‘Creative Writing’ by Etgar Keret
From The New Yorker:
The first story Maya wrote was about a world in which people split themselves in two instead of reproducing. In that world, every person could, at any given moment, turn into two beings, each one half his/her age. Some chose to do this when they were young; for instance, an eighteen-year-old might split into two nine-year-olds. Others would wait until they’d established themselves professionally and financially and go for it only in middle age. The heroine of Maya’s story was splitless. She had reached the age of eighty and, despite constant social pressure, insisted on not splitting. At the end of the story, she died.
It was a good story, except for the ending. There was something depressing about that part, Aviad thought. Depressing and predictable. But Maya, in the writing workshop she had signed up for, actually got a lot of compliments on the ending. The instructor, who was supposed to be this well-known writer, even though Aviad had never heard of him, told her that there was something soul-piercing about the banality of the ending, or some other piece of crap. Aviad saw how happy that compliment made Maya. She was very excited when she told him about it. She recited what the writer had said to her the way people recite a verse from the Bible. And Aviad, who had originally tried to suggest a different ending, backpedalled and said that it was all a matter of taste and that he really didn’t understand much about it.
It had been her mother’s idea that she should go to a creative-writing workshop. She’d said that a friend’s daughter had attended one and enjoyed it very much. Aviad also thought that it would be good for Maya to get out more, to do something with herself. He could always bury himself in work, but, since the miscarriage, she never left the house.

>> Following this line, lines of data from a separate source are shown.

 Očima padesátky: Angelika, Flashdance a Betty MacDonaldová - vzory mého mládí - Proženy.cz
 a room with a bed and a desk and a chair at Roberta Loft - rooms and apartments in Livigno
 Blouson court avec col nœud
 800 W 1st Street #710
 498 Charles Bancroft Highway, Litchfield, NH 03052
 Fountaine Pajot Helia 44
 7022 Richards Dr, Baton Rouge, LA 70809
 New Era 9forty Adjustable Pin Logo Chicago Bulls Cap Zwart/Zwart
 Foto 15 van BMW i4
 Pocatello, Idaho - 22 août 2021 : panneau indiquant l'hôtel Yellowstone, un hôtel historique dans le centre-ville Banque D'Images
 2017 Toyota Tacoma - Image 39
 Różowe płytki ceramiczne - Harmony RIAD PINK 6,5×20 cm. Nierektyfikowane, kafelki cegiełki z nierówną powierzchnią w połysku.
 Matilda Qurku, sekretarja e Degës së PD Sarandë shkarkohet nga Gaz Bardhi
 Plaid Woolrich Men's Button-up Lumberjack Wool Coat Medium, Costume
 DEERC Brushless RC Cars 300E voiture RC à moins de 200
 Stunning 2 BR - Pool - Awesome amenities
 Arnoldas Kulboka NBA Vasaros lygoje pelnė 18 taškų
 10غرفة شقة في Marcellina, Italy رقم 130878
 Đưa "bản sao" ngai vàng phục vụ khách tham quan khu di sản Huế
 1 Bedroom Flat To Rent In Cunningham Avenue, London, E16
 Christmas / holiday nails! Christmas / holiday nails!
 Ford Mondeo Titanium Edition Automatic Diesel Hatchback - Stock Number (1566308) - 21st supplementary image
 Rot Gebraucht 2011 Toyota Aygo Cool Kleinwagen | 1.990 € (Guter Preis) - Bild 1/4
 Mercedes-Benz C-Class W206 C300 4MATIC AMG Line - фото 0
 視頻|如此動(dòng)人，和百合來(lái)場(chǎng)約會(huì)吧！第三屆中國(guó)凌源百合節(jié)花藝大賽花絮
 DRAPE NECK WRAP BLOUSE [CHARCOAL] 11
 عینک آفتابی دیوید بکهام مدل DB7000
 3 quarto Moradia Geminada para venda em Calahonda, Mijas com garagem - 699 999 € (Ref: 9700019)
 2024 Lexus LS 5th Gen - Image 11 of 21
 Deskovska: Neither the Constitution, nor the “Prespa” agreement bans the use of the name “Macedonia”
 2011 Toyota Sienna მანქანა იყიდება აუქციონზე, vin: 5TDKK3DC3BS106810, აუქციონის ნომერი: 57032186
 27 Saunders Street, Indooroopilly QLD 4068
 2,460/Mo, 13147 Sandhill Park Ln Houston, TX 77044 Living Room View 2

Whenever he came home, he found her in the living room, sitting up straight on the couch. Not reading, not watching TV, not even crying. When Maya hesitated about the course, Aviad knew how to persuade her. “Go once, give it a try,” he said, “the way a kid goes to day camp.” Later, he realized that it had been a little insensitive of him to use a child as an example, after what they’d been through two months before. But Maya actually smiled and said that day camp might be just what she needed.